We have been trying various methods for years to describe our business processes. Our story, which started with the purpose of modeling by industrial and information engineers, has turned into languages such as BPMN and UML as our needs increased over time.
You can see a summary of our story below.
Since 2005, we have turned towards languages such as BPMN, which tries to translate the diagrams we use for modeling (documentation and analysis) into software that we can use directly without the need for a conversion. (link:http://en.wikipedia.org/wiki/Business_Process_Model_and_Notation)
Based on engineering needs, BPM and UML models consist of symbols with different meanings in accordance with their starting point and are still an engineering field. Below you can see the BPMN diagram for a simple expense process.
Although this diagram is relatively simple for those with technical knowledge, it is a very complex language for those who work in the accounting department that owns the main job.
To understand and comment on this language;
• Learning the meanings of symbols
• Having knowledge of the subject of the process
• Understanding and being able to ignore technical details such as sending e-mails
Apart from that, a good computer user and a lot of drawing effort are required for a clear diagram view.
So usually such models; It is drawn either by technical people with no field knowledge or by field experts with no technical knowledge, and often contains minor errors. When used for documentation purposes, minor errors do not pose much of a problem, but they do occur as a problem because it is designed to run on systems such as BPMN.
Emakin Process Diagrams
In order to avoid these problems, we wanted to use our language instead of a modeling language like BPMN. The language we use should be in a simplicity that can be easily understood by the process owners and with a logic that does not contain technical details, as we consider this we reached a model like the one below.
The symbols you see in the form of large boxes in this model show the tasks in the flow direction in the process.

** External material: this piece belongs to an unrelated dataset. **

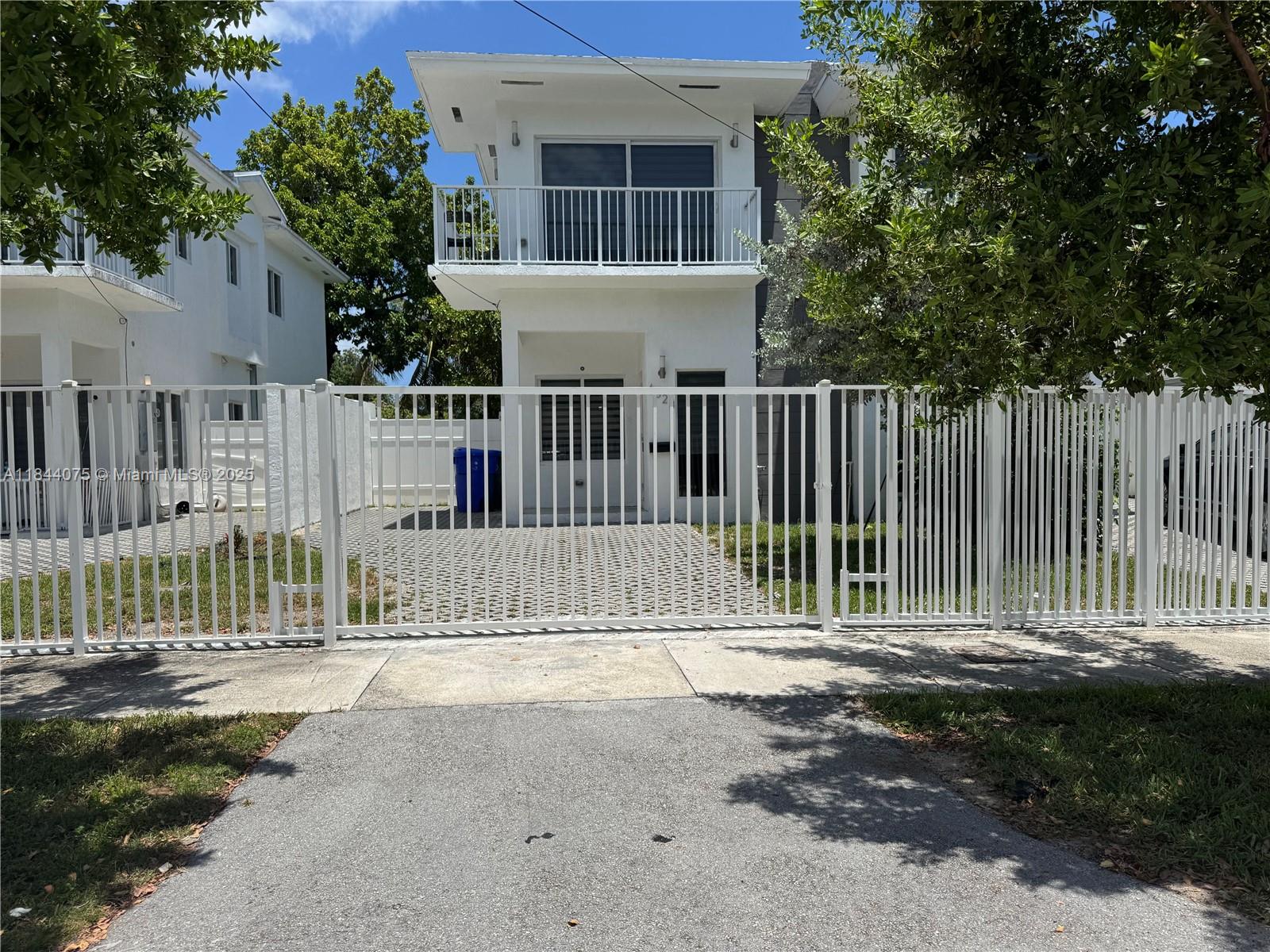 Property photo # 4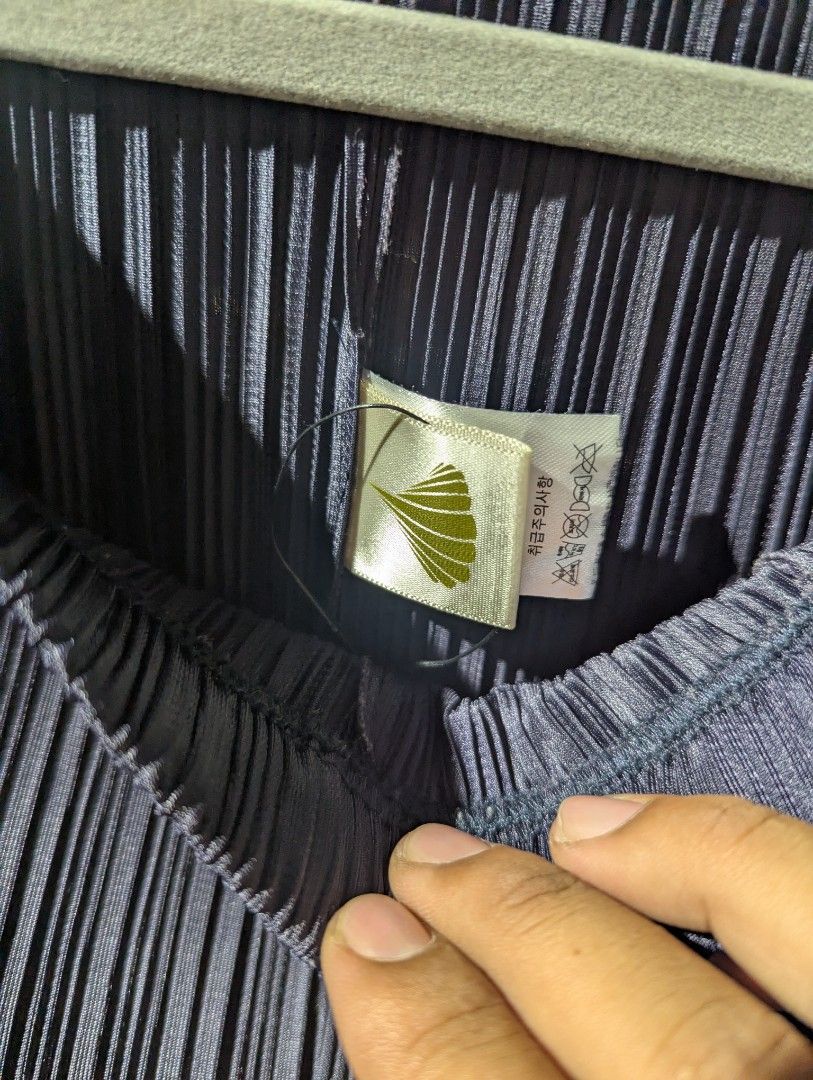 Trouser pleatsme (Category: Other Bottoms) located in Mabalacat. Submitted by samberr1827 (Listing ID 1461985111, Image 2). Description: .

Each task (Task) consists of a title, the role (Role) to which the task will be assigned, the action (Action) that is a result of the task, and the route (Route) that connects the tasks. In this way, anyone who examines the model of the process can develop a comment about what happened in a very short time.
During the modeling of the process, technical details such as sending mail and database access are included in the definitions called PreWork and PostWork. PreWork definitions work when a job is assigned to a user, PostWork is another piece of code that runs when the user selects an action on the task.

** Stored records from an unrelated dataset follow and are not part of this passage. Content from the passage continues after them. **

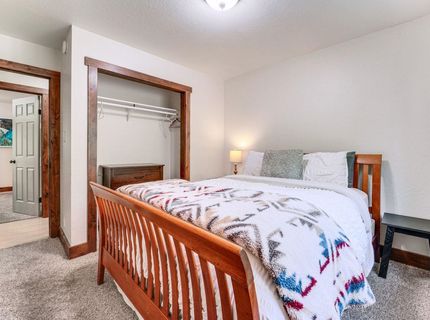 11495 Saint Bernard Drive, Truckee, CA 96161 Photo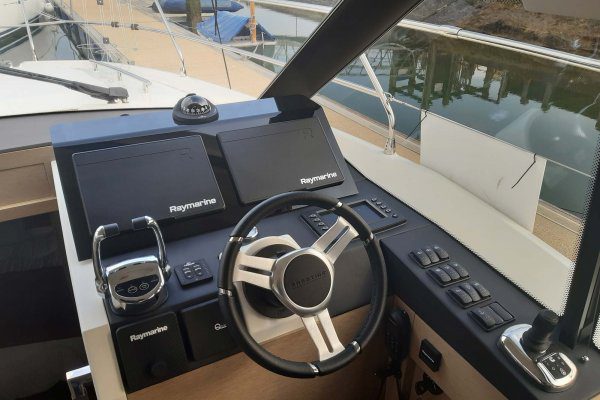 prestige 420 Helm station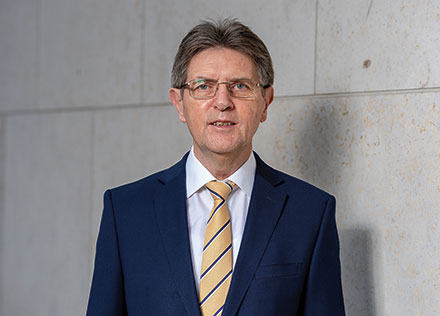 Staatssekretär Klaus Vitt ist Beauftragter der Bundesregierung für Informationstechnik und Vorsitzender des 115-Lenkungsausschusses.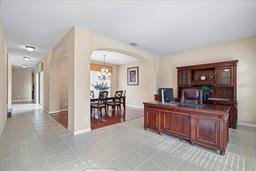 Picture of 20314 Chestnut Grove Drive, Tampa, FL 33647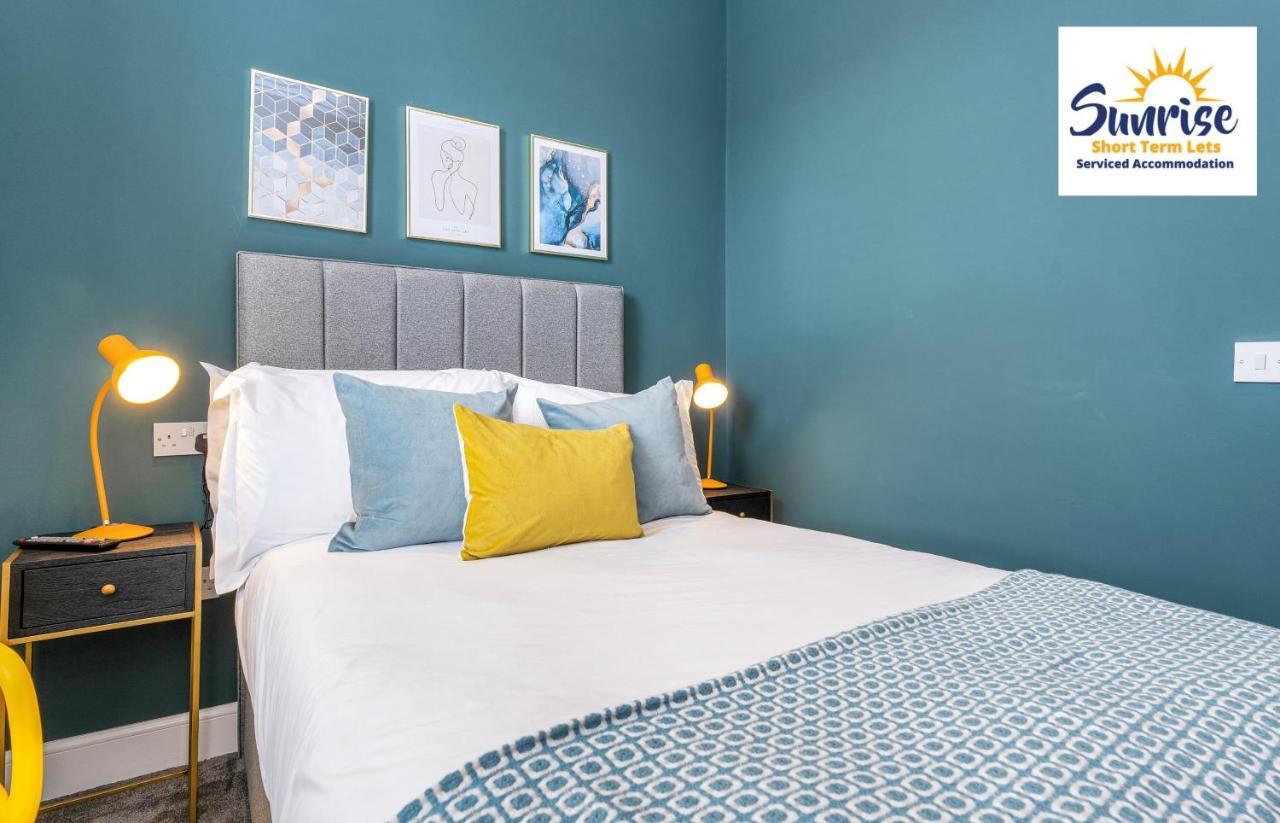 Apartment Leith Walk, Is 3 Rooms, King Beds With Tvs, Central Location, Albert Place, Wifi, Sleeps 6, Great For Contractors, Business, Relocation, Groups, Long Stays Welcome, Weekly Or Monthly, Just Ask Sunriseshortlets Edinburgh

Apart from this, all the technical works that we want to take place in the process as a distinct step can take place in the form of a task type called Module, just like other tasks.

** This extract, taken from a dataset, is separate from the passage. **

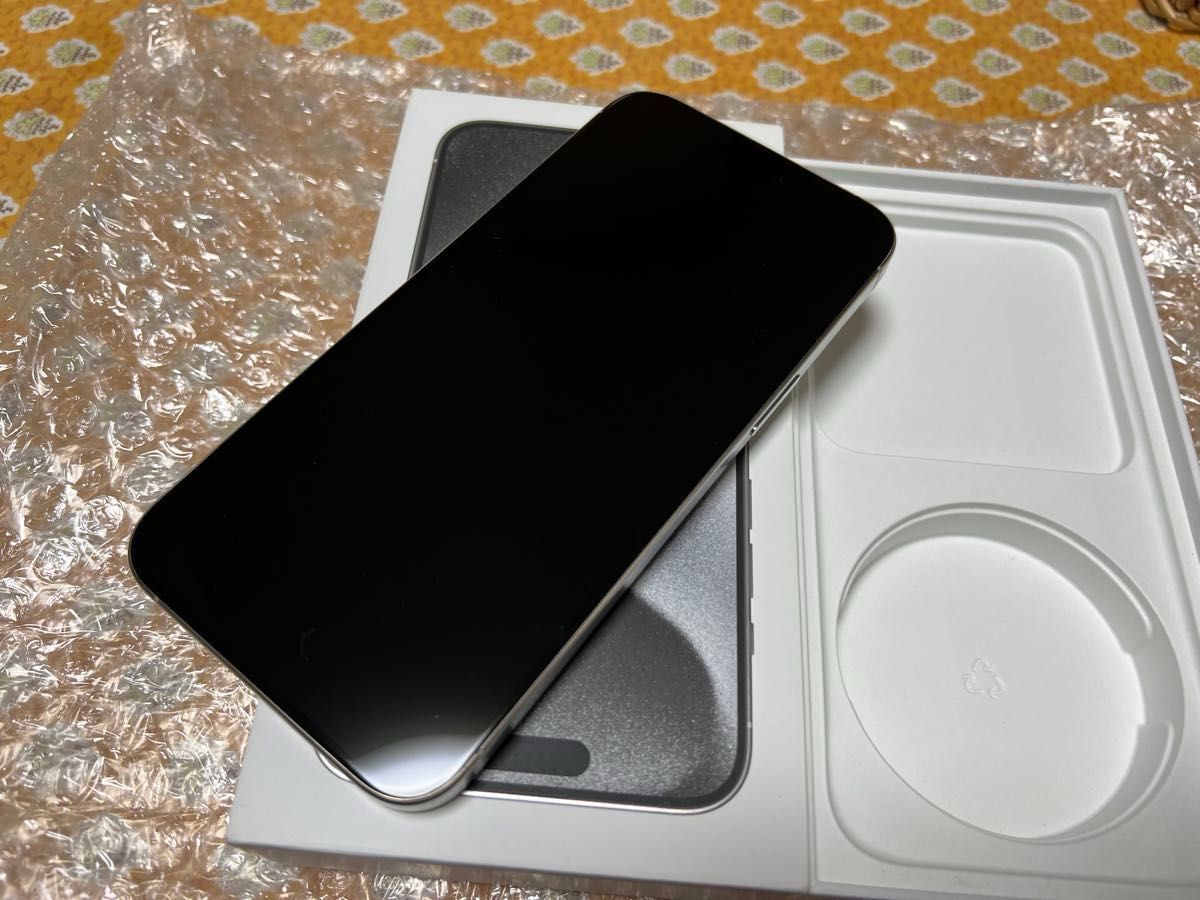 美品 iPhone 15 Pro Max 256GB AppleCare+2025年11月まで有効 美品 iPhone 15 Pro Max 256GB AppleCare+2025年11月まで有効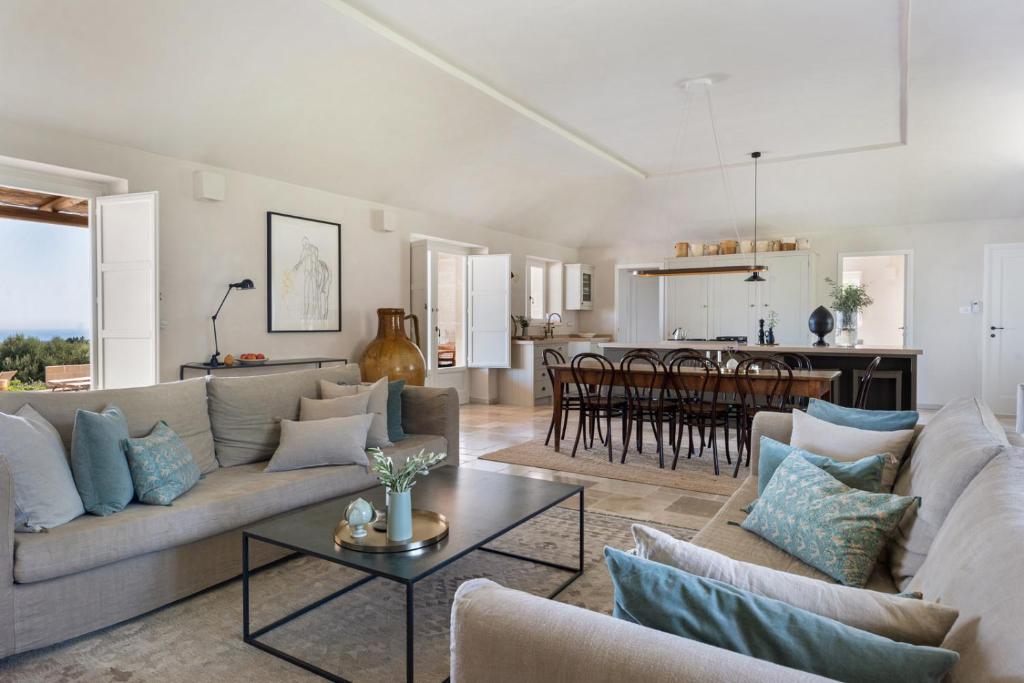 un salon avec deux canapés et une salle à manger dans l'établissement Villa Margareta, à Ostuni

Another thing we do differently is that there is no need to draw a drawing to produce the graphic. As long as you make the definitions in the process, Emakin decides how the graphic should be byself. With a type of artificial intelligence technology called “Directed Acyclic Graph”, it defines how the relevant connections should be drawn instead of the steps in the process in the graph. In this way, the user is focused on the process in the time taken to draw a clear process diagram.